It occurred to me, that aside from regurgitating the same stereotypes, re-churning the same old narratives and pigeonholing myself as yet another brown woman in an apron, it had seemingly fallen upon my shoulders to help change the way women in the kitchen are perceived, and the true value of our work. Having no professional qualifications, I have always regarded myself as a ‘cook’, very rarely, a ‘chef’. But until now, it was unclear to me the gendered distinction between the two.
It’s an erroneous belief that women’s traditional connection to food is a relic of bygone years. “There continues to be a very strong association between food and femininity in our collective imagination,” says Dr Kate Cairns, relaying her research into women and food work on The Racist Sandwich Podcast. “How we imagine what it is to be feminine is often really connected to food and particularly, expressing care through food. Going beyond an explicitly gendered ideology that suggests ‘women belong in the kitchen’, we still see women’s sense of self and how they’re perceived by others, often tied to food.”
There exists a gendered division between labour and authority and between a ‘cook’ and a ‘chef’. With male chefs – we often refer to their ‘genius’ and their ‘expertise’ - whereas women are more likely described as ‘cooks’. Our food work is seen as less about a particular training, expertise and knowledge, but more about an expression of care.
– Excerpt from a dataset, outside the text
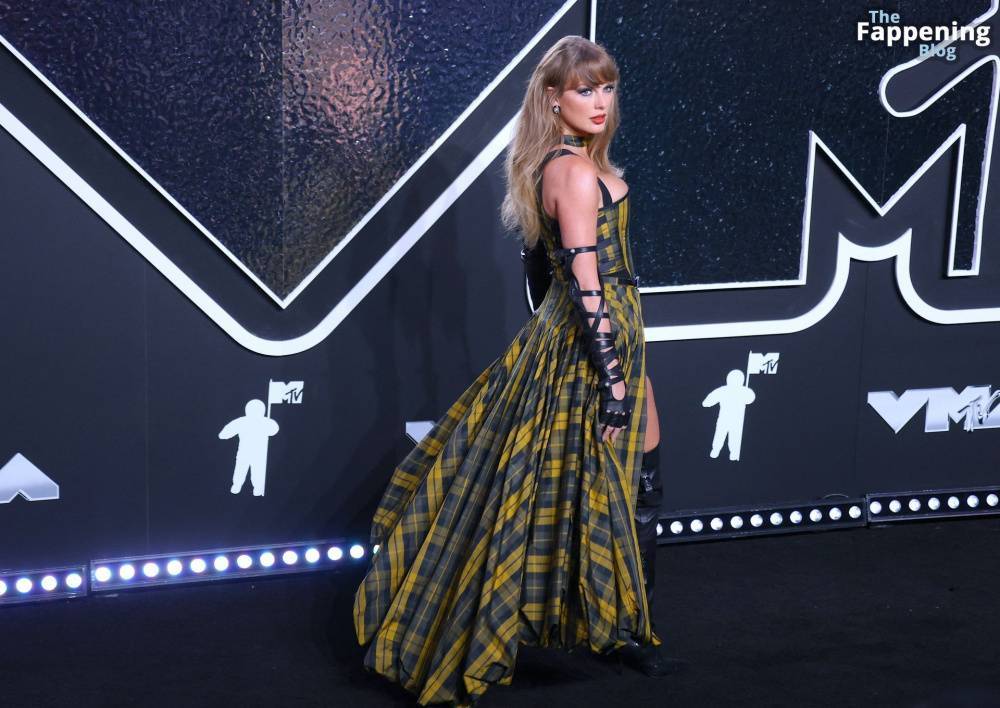 Taylor Swift Displays Nice Cleavage at the MTV VMAs (170 Photos) - #20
A cook’s work is coded as ‘feminine’ and more often attributed to women, but a chef’s work coded as ‘masculine’, and largely ascribed to men in higher profile, authority roles.
These ideas of femininity are being used to devalue women’s food work.
In much of the language surrounding food, feminism and labour, we see that women’s food work is consistently undervalued. Not only is women’s unpaid food work in the domestic sphere held in low esteem, women’s paid food work in the professional sphere is also underestimated, but we continue to see the kinds of legitimacy that are readily granted to men, more and more often within the food realm.
You may be wondering, what food has to do with gender, and what food has to do with gender in 2019? It’s the misconception that gender politics in the food industry are both obvious and a thing of the past. Sure, in days of yore, women were the predominant cooks. Yes, today, look how many men cook, and yes, further still, look how many more women are present in professional kitchens. Some would say that gender equality has already been achieved. “But,” continues Cairns, “it’s important to claim a feminist approach to food issues because it’s these gendered pressures and inequalities that become more intense when we deny that they exist. By adopting a post-feminist approach and believing that gender equality is a thing of the past, and by believing we no longer need a feminist approach to food, we leave women to have to navigate these intense pressures and penalties as individuals, rather than challenging them collectively as feminists.” It’s basically a method of strength in numbers.
For me, Devi’s has been every inch about celebrating women, but also about reshaping the way we view them. It has been argued however, from a further feminist perspective, that a woman’s love of cooking and being in the kitchen is in itself, a site of oppression. It’s an important concern of those such as Cairns and myself, who want to build on feminist politics, but feel judged harshly by some feminist rhetoric, dismissing or degrading the joy that women can take from food. It goes against an inclusive and welcoming feminist food politics when we start to tar other women’s choices this way.
I continue to call myself a cook, but I do this with intention. I want to subvert its archaic connotations and raise the value we designate to the term. I want to dispel the triviality this word has garnered, driving out the inconsequential nature of women’s labour. I want to reframe, anchor and represent what it means to be a female cook today, of ethnic minority or otherwise. I want to reclaim ‘cook’ as a fierce, liberated WOC, changing the foodscape that I’m currently finding myself in. Saying yes to the show was a decision so very tightly affixed to the representation of south Asian women on television, and to the food and intersectional feminism discussion. And so, if I have to be a sassy brown woman on food reality telly to gain ground with these conversations, well, then, so be it.